- **WHAT THE TASK ASKS**:
The entries are to be written out word for word, with their images left out.

Collected data
--------

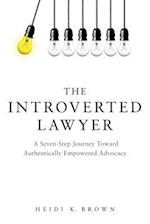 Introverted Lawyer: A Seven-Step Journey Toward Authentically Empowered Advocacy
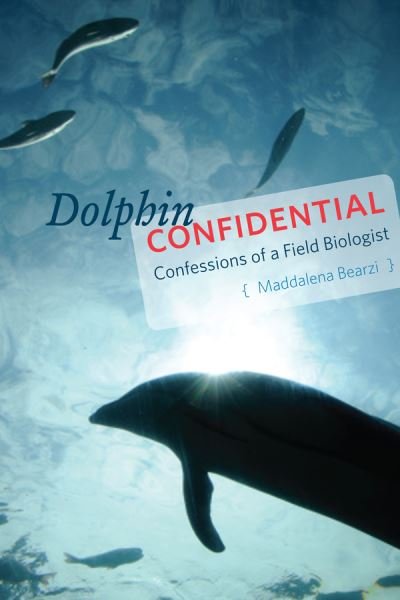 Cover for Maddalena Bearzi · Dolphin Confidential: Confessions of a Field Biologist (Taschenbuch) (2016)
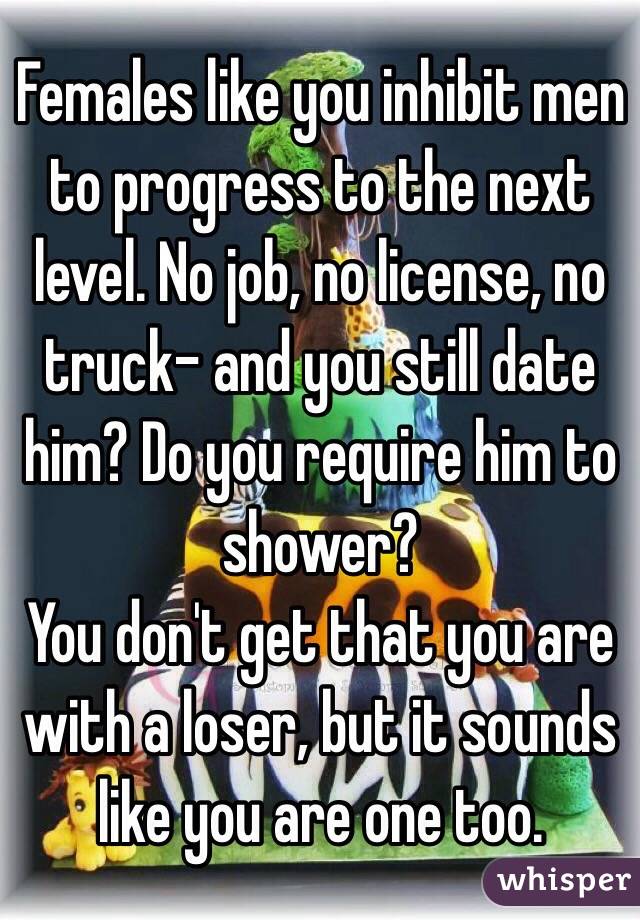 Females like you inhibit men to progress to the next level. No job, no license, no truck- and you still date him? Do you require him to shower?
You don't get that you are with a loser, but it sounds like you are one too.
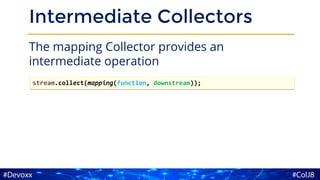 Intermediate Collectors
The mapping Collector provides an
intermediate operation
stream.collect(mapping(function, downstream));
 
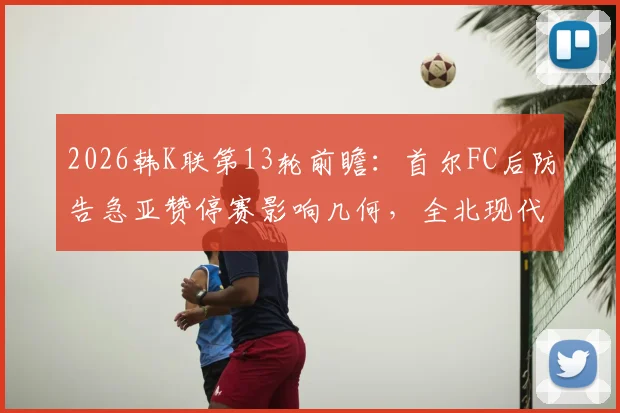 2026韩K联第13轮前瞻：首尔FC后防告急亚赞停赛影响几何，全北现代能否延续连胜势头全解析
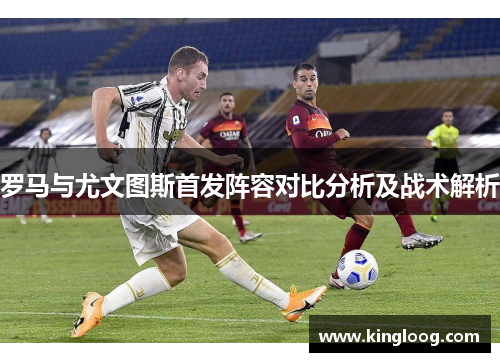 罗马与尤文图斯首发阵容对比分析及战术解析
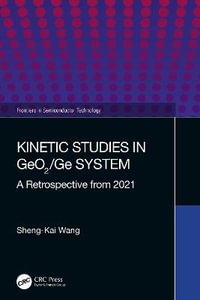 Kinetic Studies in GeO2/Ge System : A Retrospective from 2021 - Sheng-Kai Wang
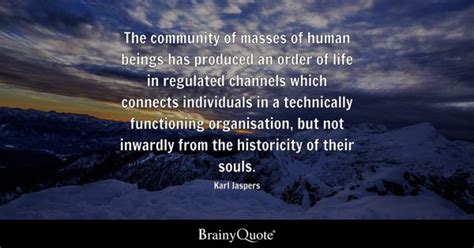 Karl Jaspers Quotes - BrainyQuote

--------

- **YOUR RESPONSE**:
 Introverted Lawyer: A Seven-Step Journey Toward Authentically Empowered Advocacy
 Cover for Maddalena Bearzi · Dolphin Confidential: Confessions of a Field Biologist (Taschenbuch) (2016)
 Females like you inhibit men to progress to the next level. No job, no license, no truck- and you still date him? Do you require him to shower?
You don't get that you are with a loser, but it sounds like you are one too.
 Intermediate Collectors
The mapping Collector provides an
intermediate operation
stream.collect(mapping(function, downstream));
 
 2026韩K联第13轮前瞻：首尔FC后防告急亚赞停赛影响几何，全北现代能否延续连胜势头全解析
 罗马与尤文图斯首发阵容对比分析及战术解析
 Kinetic Studies in GeO2/Ge System : A Retrospective from 2021 - Sheng-Kai Wang
 Karl Jaspers Quotes - BrainyQuote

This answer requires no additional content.